Potentially facing two decades in jail for his illegal actions, 46-year-old Carl M. Force recently plead guilty to charges that included extortion, money laundering and obstruction of justice. Formally an agent with the Drug Enforcement Administration, Force is one of two agents that were charged with profiting from the Silk Road investigation during 2013. The other agent involved in the extortion plot, former secret service agent Shaun W. Bridges, will be pleading guilty to similar charges during August 2015. Details of that plea deal were announced during June 2015.
Speaking about Force’s plea deal, Assistant Attorney General Leslie Caldwell said “While investigating the Silk Road, former agent Carl Force crossed the line from enforcing the law to breaking it, Seduced by the perceived anonymity of virtual currency and the Dark Web, Force used invented online personas and encrypted messaging to fraudulently obtain bitcoin worth hundreds of thousands of dollars from the government and investigative targets alike.”
According to details of the case, Force was working undercover when he siphoned off roughly $776,000 in Bitcoin from Ross William Ulbricht, the alleged owner of the Silk Road marketplace. Force used multiple online aliases to extort money from Ulbricht for personal gain. After Ulbricht was arrested during late 2013, details of the extortion became public as Ulbricht’s trial progressed. On May 29, 2015, Ulbricht was sentenced to life in prison for his involvement in running Silk Road’s anonymous black market to facilitate drug deals, among other illegal activities.
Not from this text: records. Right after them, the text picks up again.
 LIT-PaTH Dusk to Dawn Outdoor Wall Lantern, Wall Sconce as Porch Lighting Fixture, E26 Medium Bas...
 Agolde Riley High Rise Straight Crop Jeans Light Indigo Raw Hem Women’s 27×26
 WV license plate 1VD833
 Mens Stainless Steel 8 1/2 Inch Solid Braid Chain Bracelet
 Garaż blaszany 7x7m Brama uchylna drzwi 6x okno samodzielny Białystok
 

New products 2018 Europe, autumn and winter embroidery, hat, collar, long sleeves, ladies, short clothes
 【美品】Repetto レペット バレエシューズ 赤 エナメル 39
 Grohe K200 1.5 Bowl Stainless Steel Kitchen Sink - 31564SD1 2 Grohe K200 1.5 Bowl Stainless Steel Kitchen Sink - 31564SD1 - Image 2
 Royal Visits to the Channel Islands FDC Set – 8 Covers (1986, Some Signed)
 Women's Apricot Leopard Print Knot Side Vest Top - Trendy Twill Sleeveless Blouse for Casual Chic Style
In addition to extorting Bitcoin from Ulbricht on multiple occasions, Force also had an unauthorized deal in place with 20th Century Fox to help produce a film about the Silk Road marketplace. That deal would have netted Force just under a quarter of a million dollars, but he didn’t have approval of the DEA to advise on that film.
Force was a Special Agent with the DEA for 15 years prior to his arrest for extortion. His attorney claimed that Force suffered from anxiety and depression and told the judge “He had a stellar, 15-year career with the DEA except for this one blip.”